Las novedades económicas que el desarrollo del capitalismo comercial trajo consigo, provocó la aparición de la primera literatura económica, cuyos primeros testimonios fueron los mercantilistas españoles (Tomás de Mercado, Sancho de Moncada). La definición de una doctrina económica con pretensiones más científicas (que realmente no pasaba de ser un sencillo aparato matemático, que no rivalizaba con el de otras ciencias) debió esperar a la Fisiocracia de Quesnay (Tableau Economique, 1758), que, en oposición a la obsesión intervencionista del mercantilismo, propone la libertad económica (el laissez faire) y una simplificación fiscal, sobre la base de que es la tierra la única fuerza productiva. En 1776, el escocés Adam Smith da el certificado de nacimiento a la moderna economía con su libro La riqueza de las naciones, rápidamente divulgado por Jean Baptiste Say o Jovellanos, y que aún sigue siendo considerada como la Biblia del liberalismo económico.
La resistencia a los avances científicos fueron notables, y no provinieron únicamente del pensamiento reaccionario tradicional. China se mantuvo abierta durante un tiempo al intercambio cultural, aunque luego prefirió mantener el aislamiento, en lo que no tuvo tanta eficacia como Japón. Posiblemente en esa diferencia estribó la divergente trayectoria de uno y otro país a partir de la segunda mitad del siglo XIX: evitar o no las relaciones de dependencia parece retrospectivamente esencial para generar sociedades tecnológicamente desarrolladas. La minoría ilustrada y los zares reformistas de Rusia anhelaban la modernización y el acercamiento a una Europa occidental que veía idealizadamente como una contrafigura de su atraso. Si Ámsterdam permitía una excepcional libertad de pensamiento y prensa, también lo hacía Venecia. Las universidades protestantes no eran menos escleróticas que las católicas frente a las innovaciones. En Europa el despotismo ilustrado fue muy receptivo a toda clase de ciencias, mientras que en la República que él mismo había contribuido a traer, Lavoisier fue guillotinado al grito funesto de La revolution n'a pas besoin de savants (La revolución no necesita sabios). En América, las nuevas repúblicas recurrieron a la ciencia y la educación popular como un mecanismo para la construcción de sus naciones, en especial los Estados Unidos, que un siglo después desplazaría a las europeas como potencia mundial dominante.

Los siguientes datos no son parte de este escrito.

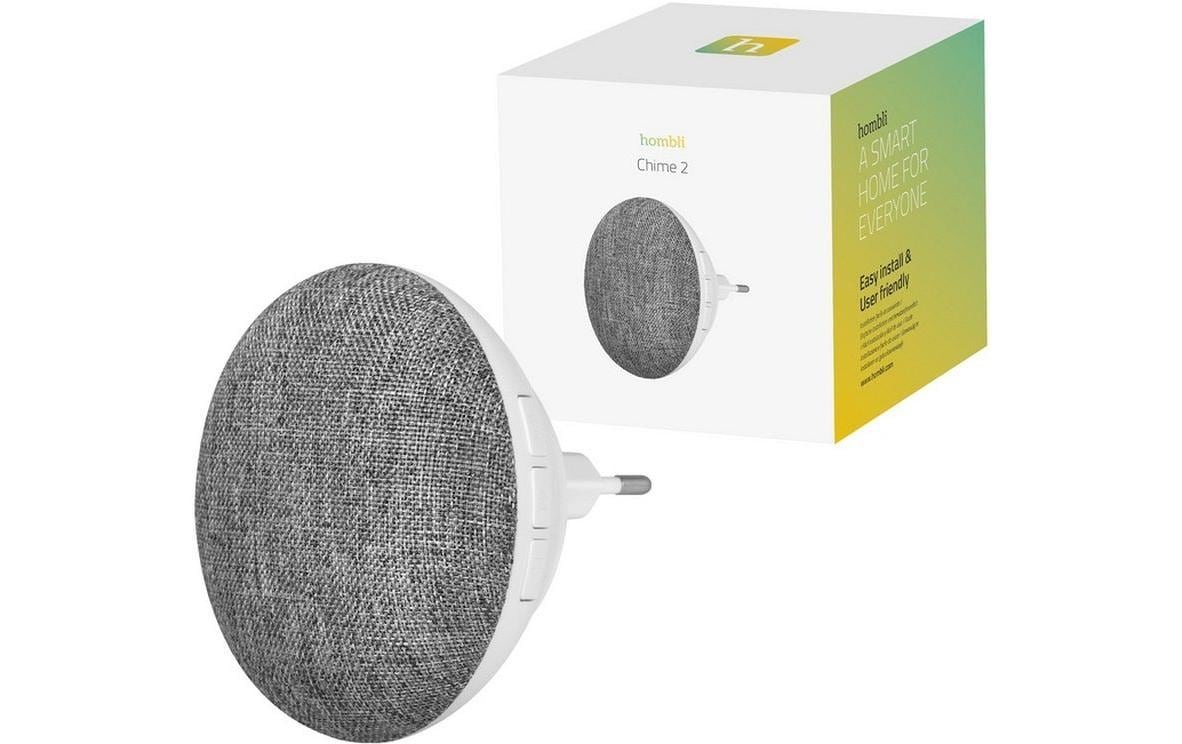 Image of Hombli Smart-Home-Steuerelement "Chime 2"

La alfabetización fue en todo el mundo un recurso esencial para ello: desde la imprenta de Gutemberg hasta los medios de comunicación de masas, si un objeto puede simbolizar la Edad Moderna, es la terrible potencia transformadora de un trozo de papel con un mensaje escrito. No obstante, incluso bien entrada la Edad Contemporánea, en la mayor parte del mundo la capacidad de descifrar su significado seguía estando reservado a las capas sociales superiores, más numerosas que en la Edad Media, pero que condenaban a los menos favorecidos a la ignorancia de la cultura escrita y a las limitaciones de la (por otra parte riquísima) cultura tradicional oral.